Relembre-se: o longa clássico de 1939, de Victor Fleming, é baseado no livro O maravilhoso mágico de Oz, de L. Frank Baum, publicado em 1900. Essas obras geraram, em 1995, o romance Wicked: A história não contada das Bruxas de Oz, de Gregory Maguire, por sua vez adaptado para um dos grandes sucessos da Broadway, que estreou em 2003. Altamente premiado e com uma base de fãs muito consolidada, o musical é agora trazido para o cinema em duas partes - e a primeira é esta que acaba de entrar em cartaz.

Em Wicked: Parte 1, como aparece na tela (a segunda tem previsão de estreia para 2025), acompanhamos a Bruxa Má do Oeste e a Bruxa Boa do Sul antes de assim serem chamadas.

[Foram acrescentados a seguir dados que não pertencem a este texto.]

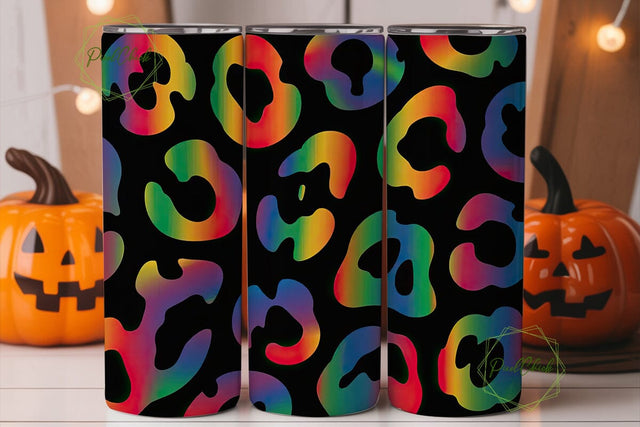 Rainbow Leopard 20oz Tumbler Wrap Sublimation PixelChick 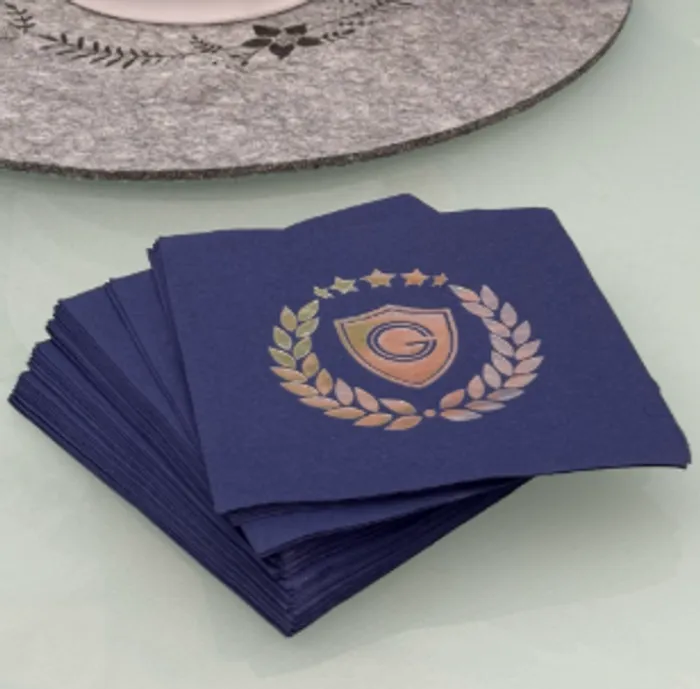 CustomFlyingDiscs.Com - Custom Foil Stamped Beverage Napkin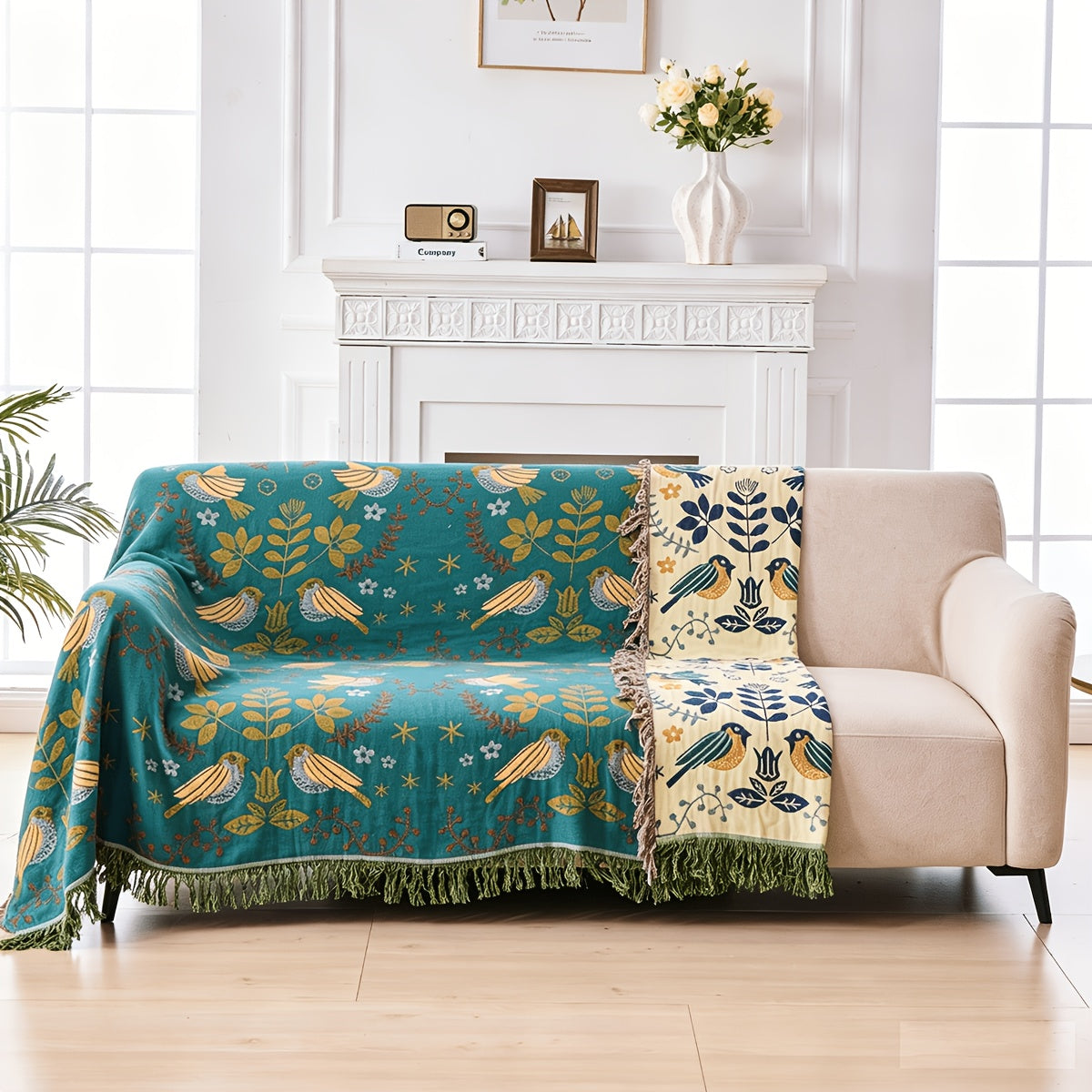 Bird Floral Cotton Throw Blanket Twin Queen King – 100% Cotton Ultra Soft Rustic Quilt, Boho Farmhouse Bed Blanket for Sofa Couch Chair, All Season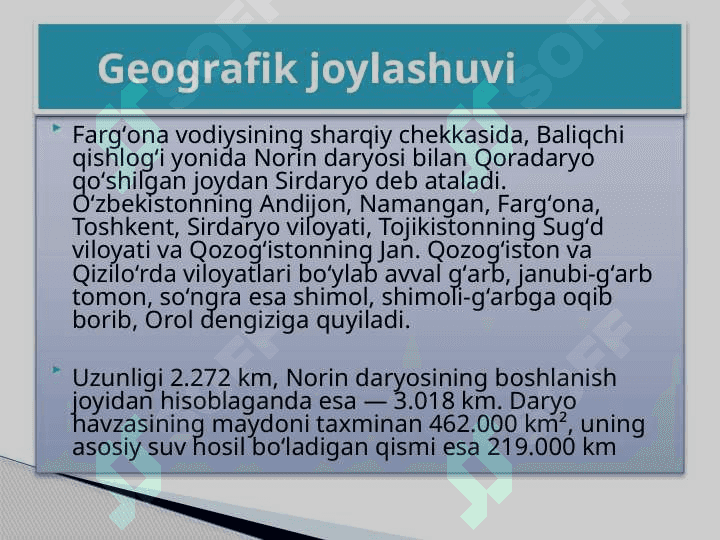 Sirdaryoga gidrografik tavsif 8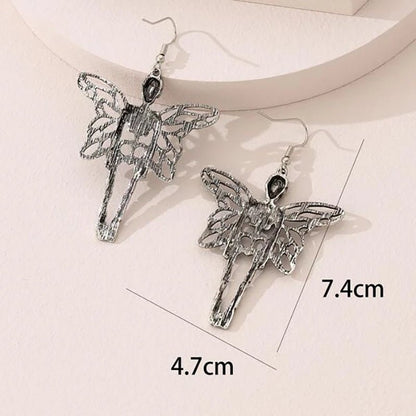 Skull Earrings Exaggerated Wings Retro Dark-Jewearrings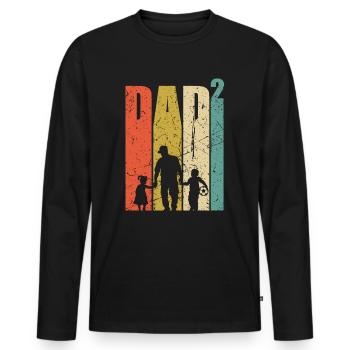 Dad to the power of 2 dad of two dad soccer gift - Men's Premium Organic Long Sleeve Shirt - black - Front - Nico (187cm)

Elphaba (Cynthia Erivo) nasceu com a cor verde e sofre com o desprezo do pai e a discriminação de todos a sua volta, o que começa a mudar quando chega à Universidade Shiz e cai nas graças da diretora Madame Morrible (Michelle Yeoh), despertando inveja da mimada e popular Glinda (Ariana Grande) - uma rivalidade que aos poucos se transforma em uma amizade improvável.

Apesar do musical da Broadway minimizar alguns dos componentes mais sombrios do livro, sobretudo as alegorias ao fascismo, é interessante como a cuidadosa construção dramática de Wicked traz esses paralelos de maneira apropriadamente contemporânea. O fato de o longa já abrir com uma música cínica que profere palavras de ódio e violência com delicadeza e tons rosados já deixa claro como essa vertente da obra original não vai ser perdida aqui, felizmente.

A atuação de Cynthia Erivo é o que essa atualização tem de mais interessante, já que suas reações são cheias de duelos internos entre a contenção e a explosão de raiva, entre o naturalismo e a teatralização esperada de um musical. É uma interpretação muito mais carregada e contrastada do que qualquer elemento visual de Wicked, cuja direção de Jon M. Chu (Podres de ricos) desvaloriza seus notáveis figurinos e design de produção com uma comprometedora falta de saturação e vivacidade na fotografia.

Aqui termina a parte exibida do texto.